Oggi il tema della Resistenza e del 25 Aprile è fortemente presente nelle scuole e non si ferma solamente al ricordo nel giorno della ricorrenza ma si espande e si allarga prendendo spunti dalla narrativa e dai racconti autentici di testimonianze in prima persona.
Leggere racconti e testimonianze di decine di partigiani come Corbari, Casadei, I fratelli Cervi e molti altri, cosi come leggere i libri di Beppe Fenoglio, tanto per citarne uno dei più noti, oltre a trasmettere stati d’animo, paure ed incertezze per un improbabile futuro, riescono a trasmettere la perfetta percezione di quanto sia fondamentale preservare per sempre la memoria della gente comune, degli studenti, professori e lavoratori che decisero di imbracciare i fucili e lasciarsi alle spalle famiglie e amici e parenti per salire nelle montagne e unirsi alle centinaia di altri gruppi volenterosi con l’unico obiettivo di ripulire il paese dal regime e dagli invasori.
Non è una esagerazione sperare che al più presto il Ministero dell’Istruzione decida di adottare per le scuole minori alcuni testi di narrativa storica proprio per imprimere nei cuori e nelle menti dei ragazzi giovanissimi il valore dell’estremo sacrificio compiuto dai loro nonni per consentire la vicina nascita della Repubblica Italiana e chiudere finalmente il conto con una guerra inutile, sanguinosa e che l’Italia non era minimamente in grado di affrontare.
La caduta del fascismo non ha posto fine alla sua malsana esistenza in tutto il territorio italiano e rigurgiti di una destra estrema ancora oggi viva e vegeta periodicamente fa capolino nella speranza di trovare un seguito popolare ma che nella realtà assume le fattezze di una ridicola pantomima di recitazione di bassa lega in teatri malconci e putridi a dimostrazione di una forza basata sull’arroganza e sulla violenza ma del tutto incapace di una seria e colta auto analisi socio-politica alla disperata ricerca di referenti e riferimenti culturali da sempre assenti che non trova mai o che rubacchia qua e là senza conferma di condivisione ideologica da parte dei referenti stesso troppo spesso tirati in ballo a loro insaputa.
Forse per quei gruppi nostalgici e imperterriti è troppo tardi fare pace con la storia che sin dagli albori degli anni 40 li guarda in cagnesco per l’incapacità di ammettere l’abominio commesso e di sradicarsi dai tentativi goffi, balordi e ridicoli di decontestualizzare il significato storico della festa della Liberazione alla ricerca di altre attribuzioni ben lontane da pagine di storia che farebbero male come una spina nel fianco.
Nei giorni prossimi alla festa della Liberazione alcuni esponenti politici hanno cercato invano di minimizzare il valore e l’importanza della festa con frasi sfacciatamente ignobili: “Cantare meno Bella Ciao sui balconi e lavorare di più” (cit.
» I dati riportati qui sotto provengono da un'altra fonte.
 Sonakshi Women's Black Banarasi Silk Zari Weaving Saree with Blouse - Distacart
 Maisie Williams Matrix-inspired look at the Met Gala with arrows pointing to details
Matteo Salvini); oppure Ignazio La Russa ha auspicato che la festa diventi la giornata dei caduti, anche del Coronavirus”.
Espedienti e proposte che testimoniano quanto un certo travaglio nelle coscienze dei nostalgici del fascismo rappresenti puntualmente un disagio per la coscienza e per quella incapacità di ragionare e capire quale sia la giusta distanza da mantenere contro ogni estremismo ideologico e politico dove puntualmente la storia ci consegna i risultati di macerie e morti. Proprio da questo Il 25 Aprile rappresenta una delle feste più importanti del nostro paese perché ha avviato e veicolato i passi per la realizzazione, appena due anni dopo, della Costituzione Italiana scritta con precisa volontà di non ricadere mai più nell’abominio di fascismo e guerra.